Below are some links to articles, videos and stories that JustPeace staff have enjoyed this week. We hope you enjoy them too!

July 15, 2016 – Talking About Race – Talking about race: United Methodist pastor’s tips – The Rev. F. Willis Johnson of Wellspring United Methodist Church in Ferguson, Missouri provides insightful advice for preachers and laity who want to engage with others in conversations regarding race.

“In order to affirm we must listen, and model listening for our people. Affirm that others’ experiences are real, even if they are unreal to you.”

UMC Insight – Public Discourse and The Language of Derision –  Frederick W. Schmidt, professor at Garrett-Evangelical Theological Seminary, describes the corrosive effects of name-calling and how the increasing use of the language of derision is deepening the divides in our communities.

“At the heart of the language of derision is a profound spiritual malaise, fed by pride and by a narrowed sense of responsibility for those around us. It can never feed anything larger than partisanship and tribalism.”

Religion News Services – Can faith communities heal racial inequality? In Kansas City, a resounding yes – Steve Mencher visits Kansas City and discovers that people of faith hunger for community and that faith communities are working together to bridge differences and work for racial and social justice.

In my experience here in Kansas City, the received wisdom that “Sunday morning is the most segregated hour in America” is only partly true. Yes, churches divide up along Troost Avenue, which slices through the city dividing black and white. But churches are also the main institutions reaching across that line.

Christianity Today –  The Burden and Promise of Racial Reconciliation – In his editorial, Mark Galli reminds us that in the face of overwhelming discouragement and hopelessness ” we each must do what we can, given our gifts and opportunities, holding steady to the cause” of working towards justice and reconciliation.

“As Christians we aim for nothing less than racial reconciliation, but we know that this cannot come without racial justice. And if justice is so hard to achieve, how much harder reconciliation?”

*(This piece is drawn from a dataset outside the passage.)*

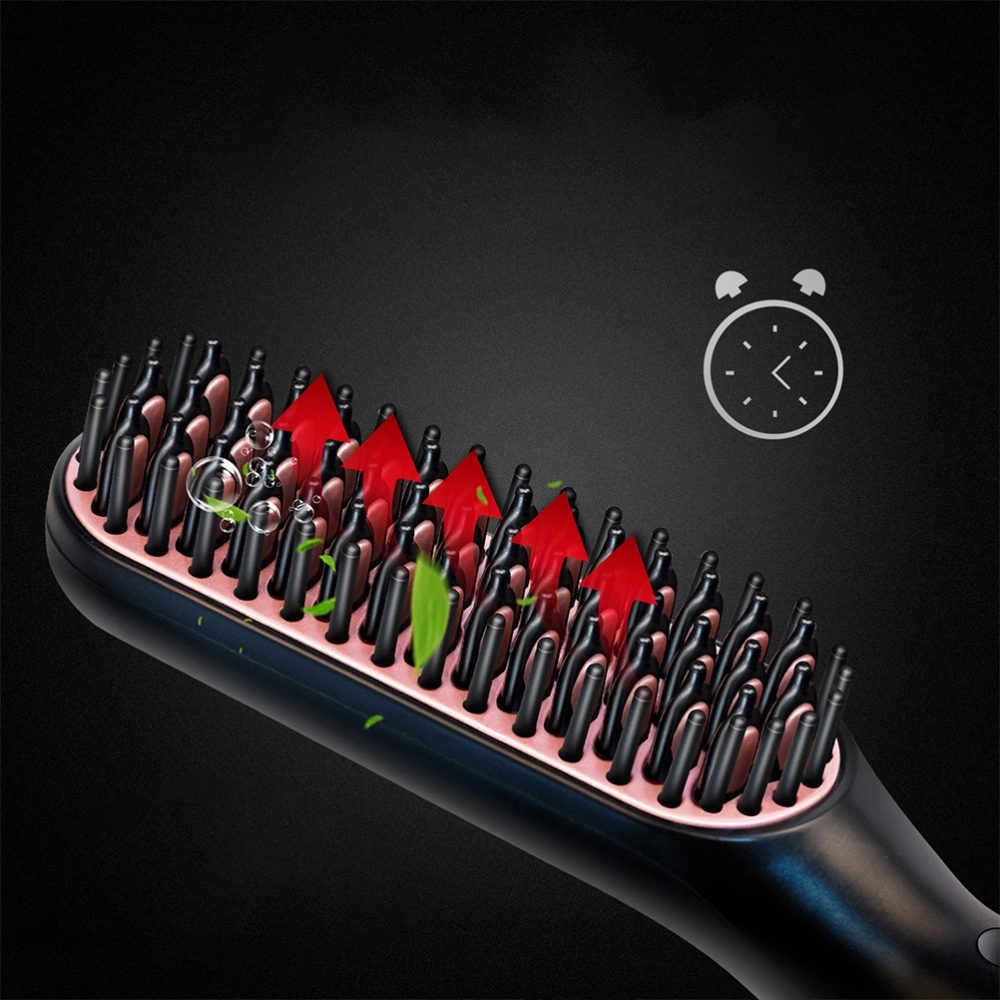 Men's Hairdressing Comb Beard Comb Beard Groomer Mustache Straightener Brushes Beard Cleaning Brushes with Original US Plug Golden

Religion News Service – Our response to terror must be reconciliation – Mohammed Dajani Saoudi shows the importance of being committed to mutual respect and understanding in the face of terrorism and describes the three levels of reconciliation: 1) Internal reconciliation, 2) reconciliation with our communities, and 3) reconciliation between communities.

“In the wake of terrorist incidents, we must avoid the impulse to give in to hatred. Hatred is easy. It excites our survival instincts, our elemental desire to fight or flee, to retreat to our tribe. It is the recourse of the despot, the demagogue and the deranged. Those who foster intolerance promote a culture of fear and violence that moves history in the wrong direction.”